● **Instructions to follow**: The answer must be the lines from the one containing "Синий ЗАЗ 1103" through the last line of the data below, copied exactly, with nothing else.

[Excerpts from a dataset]
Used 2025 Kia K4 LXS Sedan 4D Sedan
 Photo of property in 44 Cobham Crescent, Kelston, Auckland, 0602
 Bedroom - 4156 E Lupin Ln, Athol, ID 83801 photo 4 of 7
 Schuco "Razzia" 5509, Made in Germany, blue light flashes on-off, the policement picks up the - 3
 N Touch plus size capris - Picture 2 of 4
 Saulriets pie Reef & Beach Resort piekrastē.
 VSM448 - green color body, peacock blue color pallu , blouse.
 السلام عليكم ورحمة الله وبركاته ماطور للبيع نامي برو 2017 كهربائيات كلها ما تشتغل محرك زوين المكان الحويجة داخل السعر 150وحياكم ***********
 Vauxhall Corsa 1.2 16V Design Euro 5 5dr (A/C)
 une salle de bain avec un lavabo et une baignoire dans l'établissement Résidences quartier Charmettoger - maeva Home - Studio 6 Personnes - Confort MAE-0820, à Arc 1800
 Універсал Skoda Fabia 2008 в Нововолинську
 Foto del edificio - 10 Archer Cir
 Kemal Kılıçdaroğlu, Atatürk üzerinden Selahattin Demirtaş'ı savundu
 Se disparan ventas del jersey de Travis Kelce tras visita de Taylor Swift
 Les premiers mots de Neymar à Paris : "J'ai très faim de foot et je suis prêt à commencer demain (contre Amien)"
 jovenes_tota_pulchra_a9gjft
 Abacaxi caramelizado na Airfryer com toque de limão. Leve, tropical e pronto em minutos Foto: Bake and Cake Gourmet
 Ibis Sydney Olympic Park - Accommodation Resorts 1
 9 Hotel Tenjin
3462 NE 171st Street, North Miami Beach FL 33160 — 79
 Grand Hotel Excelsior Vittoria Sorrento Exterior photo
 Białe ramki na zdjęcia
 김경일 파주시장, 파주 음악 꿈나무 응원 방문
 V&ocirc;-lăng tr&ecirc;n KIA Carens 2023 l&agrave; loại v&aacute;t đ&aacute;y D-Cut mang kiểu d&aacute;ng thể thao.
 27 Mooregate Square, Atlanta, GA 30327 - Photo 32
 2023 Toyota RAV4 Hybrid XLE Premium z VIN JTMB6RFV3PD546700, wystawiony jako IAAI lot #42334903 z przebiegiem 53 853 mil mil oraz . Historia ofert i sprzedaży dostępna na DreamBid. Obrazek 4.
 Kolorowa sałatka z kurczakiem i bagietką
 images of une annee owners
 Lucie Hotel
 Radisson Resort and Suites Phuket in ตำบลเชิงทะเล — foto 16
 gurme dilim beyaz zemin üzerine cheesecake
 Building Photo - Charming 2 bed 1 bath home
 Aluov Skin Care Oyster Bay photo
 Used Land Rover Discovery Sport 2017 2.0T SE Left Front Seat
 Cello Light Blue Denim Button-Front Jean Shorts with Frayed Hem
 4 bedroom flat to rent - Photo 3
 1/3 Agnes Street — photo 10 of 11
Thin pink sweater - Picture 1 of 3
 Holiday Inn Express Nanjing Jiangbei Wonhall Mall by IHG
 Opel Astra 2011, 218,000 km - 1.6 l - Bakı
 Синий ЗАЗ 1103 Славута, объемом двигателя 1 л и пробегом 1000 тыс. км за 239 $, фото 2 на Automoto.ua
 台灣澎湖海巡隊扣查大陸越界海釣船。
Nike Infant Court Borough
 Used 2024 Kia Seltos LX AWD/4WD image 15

● **Response to this exercise**:
 Синий ЗАЗ 1103 Славута, объемом двигателя 1 л и пробегом 1000 тыс. км за 239 $, фото 2 на Automoto.ua
 台灣澎湖海巡隊扣查大陸越界海釣船。
Nike Infant Court Borough
 Used 2024 Kia Seltos LX AWD/4WD image 15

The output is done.